The Social Security Administration cut more than 7,100 jobs early in the second Trump administration, its largest staffing reduction ever, while also closing six of its 10 regional offices and pushing more of its work online.
The scale of the Social Security Administration staff cuts matters now because the agency serves more than 60 million retired workers and provides disability benefits to 16 million people. For anyone trying to reach the agency, the changes landed in a single year: officials said in March 2025 that people would no longer be able to apply for benefits on the phone, then reversed that move a month later.
By June 2025, the agency had also removed key customer service metrics from its website, including phone wait times and disability claim processing times. At the same time, it expanded automated and artificial intelligence systems on its public phone lines, a shift that makes the service experience harder to measure even as the agency says it is modernizing.
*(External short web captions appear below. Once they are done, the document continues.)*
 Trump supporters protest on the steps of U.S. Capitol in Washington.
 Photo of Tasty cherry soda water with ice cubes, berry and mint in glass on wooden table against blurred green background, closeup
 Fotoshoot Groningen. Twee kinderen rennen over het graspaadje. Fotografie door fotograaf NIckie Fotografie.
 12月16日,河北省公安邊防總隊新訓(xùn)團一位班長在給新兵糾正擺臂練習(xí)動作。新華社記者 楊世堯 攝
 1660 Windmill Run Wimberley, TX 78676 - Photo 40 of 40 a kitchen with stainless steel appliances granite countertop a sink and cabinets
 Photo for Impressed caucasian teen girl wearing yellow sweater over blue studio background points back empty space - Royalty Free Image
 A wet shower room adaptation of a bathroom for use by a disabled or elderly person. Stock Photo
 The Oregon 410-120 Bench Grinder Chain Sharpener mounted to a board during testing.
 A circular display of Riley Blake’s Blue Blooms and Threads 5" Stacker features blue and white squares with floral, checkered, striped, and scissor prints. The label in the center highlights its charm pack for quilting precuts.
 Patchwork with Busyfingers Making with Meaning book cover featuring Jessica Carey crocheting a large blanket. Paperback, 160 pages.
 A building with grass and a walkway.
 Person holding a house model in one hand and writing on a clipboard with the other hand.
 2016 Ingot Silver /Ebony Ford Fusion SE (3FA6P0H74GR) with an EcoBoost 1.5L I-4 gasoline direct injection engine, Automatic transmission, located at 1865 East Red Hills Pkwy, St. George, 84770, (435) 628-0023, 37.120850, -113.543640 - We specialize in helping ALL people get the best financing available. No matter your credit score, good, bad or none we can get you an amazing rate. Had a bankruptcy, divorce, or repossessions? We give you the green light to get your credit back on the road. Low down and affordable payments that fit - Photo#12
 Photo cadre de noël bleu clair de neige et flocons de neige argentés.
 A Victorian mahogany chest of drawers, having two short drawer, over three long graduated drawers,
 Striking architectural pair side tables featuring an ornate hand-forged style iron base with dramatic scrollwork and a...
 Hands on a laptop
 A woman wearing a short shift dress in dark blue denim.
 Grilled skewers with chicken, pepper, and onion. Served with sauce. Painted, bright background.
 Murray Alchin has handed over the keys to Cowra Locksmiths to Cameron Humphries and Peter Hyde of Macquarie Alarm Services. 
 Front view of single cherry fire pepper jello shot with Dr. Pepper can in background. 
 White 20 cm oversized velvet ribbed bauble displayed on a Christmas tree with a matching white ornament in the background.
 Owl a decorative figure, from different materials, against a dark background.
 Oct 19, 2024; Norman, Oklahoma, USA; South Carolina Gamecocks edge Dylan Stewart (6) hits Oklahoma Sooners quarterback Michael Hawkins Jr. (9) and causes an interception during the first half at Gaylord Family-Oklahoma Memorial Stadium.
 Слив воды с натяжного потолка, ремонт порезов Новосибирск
That is the friction at the center of the overhaul. Social Security has spent years making more of its work digital, but disability claims were already hard to get approved before 2025, and the changes that year made the process even harder. Without public wait-time and processing data, applicants, advocates and lawmakers have less evidence to judge whether the cuts and automation are speeding things up or just making it harder to reach a human being.
The unanswered question is practical, not abstract: whether fewer workers, fewer regional offices and more machine-driven service will change benefit approval times or outcomes for people who depend on retirement, survivor, SSI and SSDI payments. The agency has already shown how quickly it can change course on phone access, and the next test is whether it can prove the new system works better than the one it replaced.